The House of Representatives passes this Continuing Resolution, which according to most people over there anymore is just as good as a budget without all that paperwork and number crunching that is typically associated with trying to figure out how best to spend $3.5 Trillion dollars. This particular one would fund all the government programs through the end of next year with one minor exception. The American Care Act (i.e. Obamacare, or the ACA) was left out of the bill because the three people in congress who have read it really don’t like it. Then this resolution goes to the Senate, where they have a collection of arcane parliamentary rules that are more messed up and non-sequital then watching Andy Dick do Shakespeare in the Park. The wrench in the cogs here is that in the Senate, senators Ted Cruz and Mike Lee, along with a few others are trying to force Senate Majority Leader Harry Reid to get 60 votes in order to make any amendments to the House passed bill, namely an amendment that would stick the part of the House bill that de-funds the ACA. 60 votes is typically needed to get anything through the senate anymore, but once passed, a parliamentary vote could be called for an amendment to the bill that effectively changes it into something completely different, kind of like when you ask for the Big Mac combo at McDonalds, then wind up with a half-eaten breakfast burrito instead, even though they stopped serving breakfast 8 hours ago.
In order to enforce this 60 vote requirement, Senator Ted Cruz is stating that he will use a little rule called the filibuster, where Ted will take over the floor of the Senate and will then begin yapping about anything from how much he loves Canada to how much he loves Texas, it doesn't really matter, the important aspect being that as long as Ted holds the floor, nothing can be voted on at all. If he gets a few people to join in, they could hold government at a standstill for days, though it seems that an appropriate metaphor for that would involve a molasses on a cold day versus a molasses in a blizzard.

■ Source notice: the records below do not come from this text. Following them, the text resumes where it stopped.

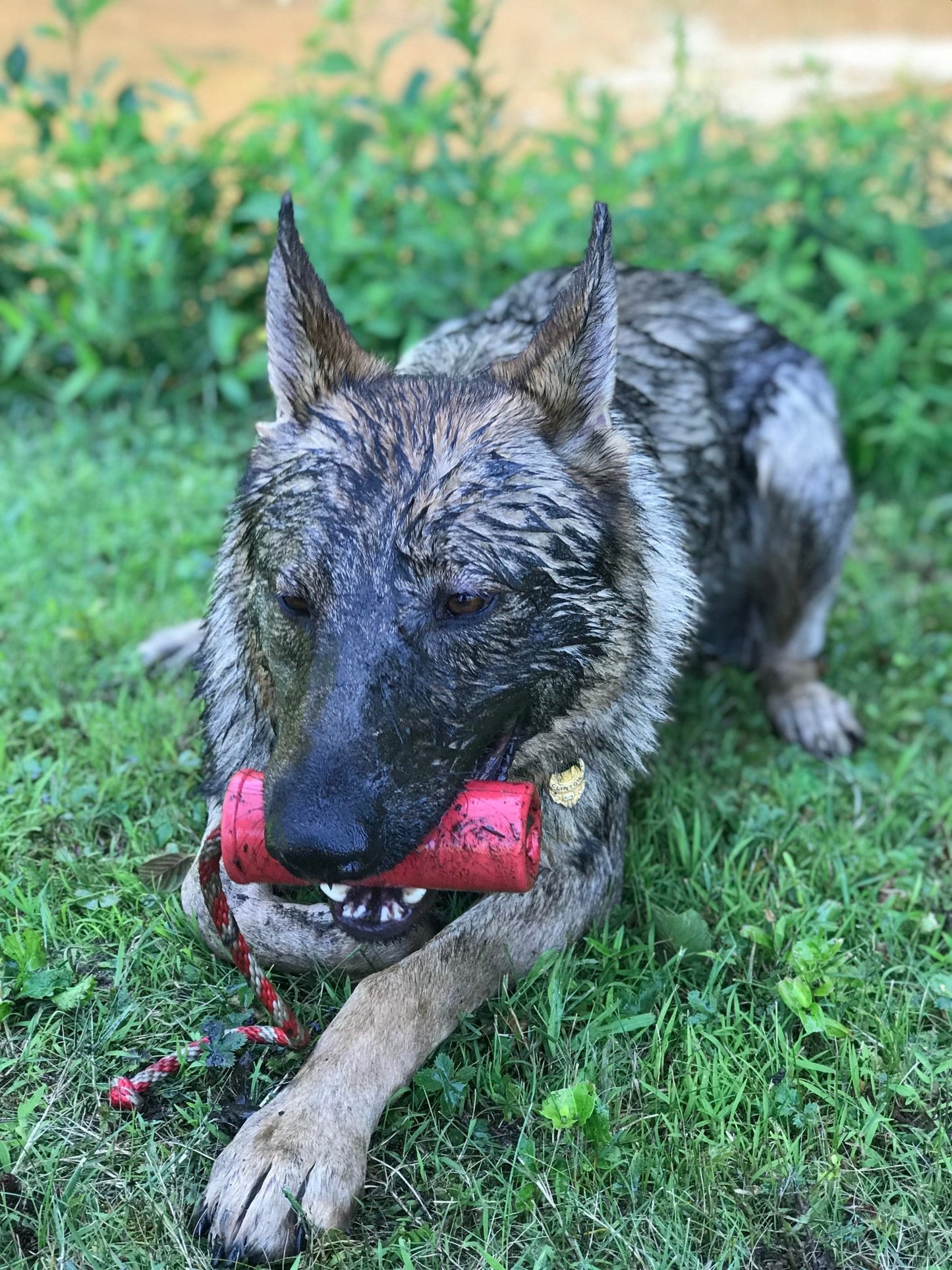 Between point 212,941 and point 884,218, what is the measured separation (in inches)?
207

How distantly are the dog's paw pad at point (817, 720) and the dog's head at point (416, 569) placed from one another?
158 cm

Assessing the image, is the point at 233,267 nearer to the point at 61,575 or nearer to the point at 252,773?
the point at 61,575

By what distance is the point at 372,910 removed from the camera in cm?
296

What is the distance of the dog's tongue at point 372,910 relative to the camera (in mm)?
2941

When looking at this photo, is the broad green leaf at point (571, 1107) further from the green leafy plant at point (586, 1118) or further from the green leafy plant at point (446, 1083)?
the green leafy plant at point (446, 1083)

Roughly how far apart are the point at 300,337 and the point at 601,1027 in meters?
1.94

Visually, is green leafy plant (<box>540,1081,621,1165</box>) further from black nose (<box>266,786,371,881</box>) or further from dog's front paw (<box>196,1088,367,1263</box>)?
black nose (<box>266,786,371,881</box>)

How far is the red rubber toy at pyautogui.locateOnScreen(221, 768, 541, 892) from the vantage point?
9.14 ft

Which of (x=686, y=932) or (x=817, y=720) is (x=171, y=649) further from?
(x=817, y=720)

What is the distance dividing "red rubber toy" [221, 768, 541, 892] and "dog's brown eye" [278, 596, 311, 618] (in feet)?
1.33

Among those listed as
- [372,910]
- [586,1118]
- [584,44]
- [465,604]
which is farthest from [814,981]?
[584,44]

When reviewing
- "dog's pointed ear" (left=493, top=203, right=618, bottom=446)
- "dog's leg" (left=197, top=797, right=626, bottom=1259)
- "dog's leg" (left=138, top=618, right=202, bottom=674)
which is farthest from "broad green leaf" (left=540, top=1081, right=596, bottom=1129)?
"dog's leg" (left=138, top=618, right=202, bottom=674)

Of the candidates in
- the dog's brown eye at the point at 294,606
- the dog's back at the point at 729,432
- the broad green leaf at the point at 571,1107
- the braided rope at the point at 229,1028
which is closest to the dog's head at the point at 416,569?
the dog's brown eye at the point at 294,606

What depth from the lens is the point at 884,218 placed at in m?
6.35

The kind of jacked up aspect of this is as such, Ted Cruz is going to have to stop a vote on the bill itself, as is, if he doesn't get the 60 vote agreement now in order to avoid a parliamentary vote on any amendments to the bill later. He is trying now to avoid a scenario from playing out where a simple majority in the Senate can expo facto send the legislation to a joint committee of house and senate members where it is expected that republicans from the house will cave and allow the amendment that would keep funding for Obamacare to stand.
Got it? So Ted Cruz is going to be against the bill, before being for the bill. But unlike another Senators failed attempt to straddle the electorate, an informed public will know why before, during, and after any vote occurs. There is some evidence that a pretty nasty smear campaign against Senators Ted Cruz and Mike Lee is getting underway in order to undermine their attempt to derail the derailment of the debt and allow the government to keep moving along after the soft Oct. 1st deadline when we apparently are no longer able to use accounting tricks to keep up our funding charade.